第十話
「ヒョーヒョッヒョッヒョッ!」
その声の主はマリコ先輩ではなく、私達『村岡高校』の最大のライバルである、『フェボン女子高校』の”ミッシェル富井”だった。
「ヒョーヒョッヒョッヒョッ! ナナコォ! あんた達呼ばれているわよ。まさか一回戦で敗退なんてことはないでしょうね?」
ミッシェルは私と同じ中学校出身であり、共にキープフィギア部で切磋琢磨した仲である。中学では私の方が成績が良かったため、ミッシェルは私にライバル心を燃やしており、ことあるごとに突っかかってくる、一言で言えば『めんどくさい嫌なヤツ』だ。

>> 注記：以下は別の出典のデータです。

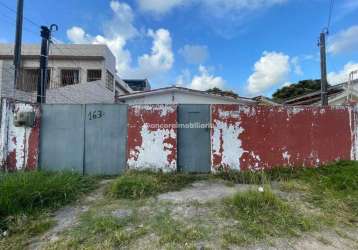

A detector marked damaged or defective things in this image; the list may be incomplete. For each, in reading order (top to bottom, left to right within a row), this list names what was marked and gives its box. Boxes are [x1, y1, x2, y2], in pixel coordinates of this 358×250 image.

peeling paint on wall [0, 98, 40, 171]
peeling paint on wall [127, 104, 178, 172]
peeling paint on wall [211, 104, 354, 172]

「うるさいわね! あっち行ってよ。マリコ先輩さえいれば、あんた達なんかには絶対に負けないんだからね!」
『フェボン女子高』はキープフィギアの名門高であり、前回の全国大会も優勝している。それでも、私は本気で勝てると思っていた。マリコ先輩と、美咲先輩と私の3人なら絶対に勝てると信じていた。3人がそろいさえすれば……。
「ふん! まぁ、あんた達みたいな弱小高なんて最初っから眼中にないわよ。もし、私達『フェボン女子高』と戦いたければ、決勝まで勝ち上がることね。ヒョーヒョッヒョッヒョッ! それじゃ、ごめん遊ばせ。ヒョーヒョッヒョッヒョッ!」
そう言うと、ミッシェル富井は気持ちの悪い笑い声と共に去っていった。
「……ムキー!! ぢぐじょう! ムカつく! ミッシェルのくせに!!!」
私はあまりの悔しさに地団太を踏んだ。『フェボン女子高』を倒して、ミッシェルの鼻を明かしてやりたい! ……でも、マリコ先輩がいなければ勝ち目はない。
「くそぉ……」
私は悔しかった。負けることが悔しいんじゃない。全力で戦えないことが、すごく悔しい。